Les conséquences de la pandémie sont bien visibles : avec une perte de 887 millions de livres pour l’année complète sous l’effet de 3,4 milliards de livres de sinistres liés au Covid, elle contribue à hauteur de 13,3% du ratio combiné (frais de gestion et coûts des sinistres rapportés aux primes). Encore, elle a récupéré 2,6 milliards de livres auprès des réassureurs. Finalement, le ratio combiné (mesuré par le rapport des indemnités versées augmentées des charges par les primes reçues par l’assureur) s’établit à 110,3% en 2020 contre 102,1% en 2019. Sans le Covid, il se serait inscrit à 97%, permettant de dégager un bénéfice de 800 millions de livres. Le ratio de solvabilité ressort à 209% (238% en 2019).

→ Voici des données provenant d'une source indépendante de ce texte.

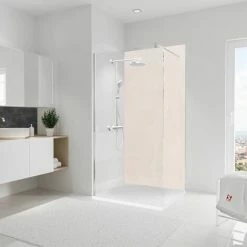 Schulte DecoDesign Duschrückwand, Wandverkleidung Aus 3mm Aluminium- Verbundplatte Als Fugenloser Fliesenersatz, Dekor: Putzoptik- Beige, Größe: 100 X 210 Cm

En France, le ratio de solvabilité des assureurs a mieux résisté. Selon la Fédération française de l’assurance (FFA), le ratio de solvabilité des sociétés non-vie a diminué de 5 points à 265% tandis que celui des sociétés vie et mixtes accuse une baisse de 34 points à 225%. En tout, le choc sur les indemnisations est de 2,9 milliards d’euros. Il concerne pour 3,3 milliards d’euros les entreprises et 800 millions d’euros la santé et la prévoyance, mais la baisse des sinistres en assurance auto diminue l’addition de 1,2 milliard d’euros. Les assureurs ont aussi dépensé 1,7 milliard d’euros en gestes de solidarité.

De manière indirecte, la crise a aussi participé, par les impératifs de la politique monétaire pour le soutien à l’économie et la relance, à pérenniser des taux bas qui plombent les revenus d’investissement des assureurs. Du côté du Lloyd’s of London, on relate ainsi des revenus de placements de 2,3 milliards de livres (rendement de 2,9%) contre 3,5 milliards de livres en 2019 (rendement de 4,8%). En France, l’assurance vie a particulièrement souffert, avec un taux de rendement moyen net de frais pour les fonds en euros de l'assurance vie de 1,30 % en 2020 contre 1,50 % en 2019.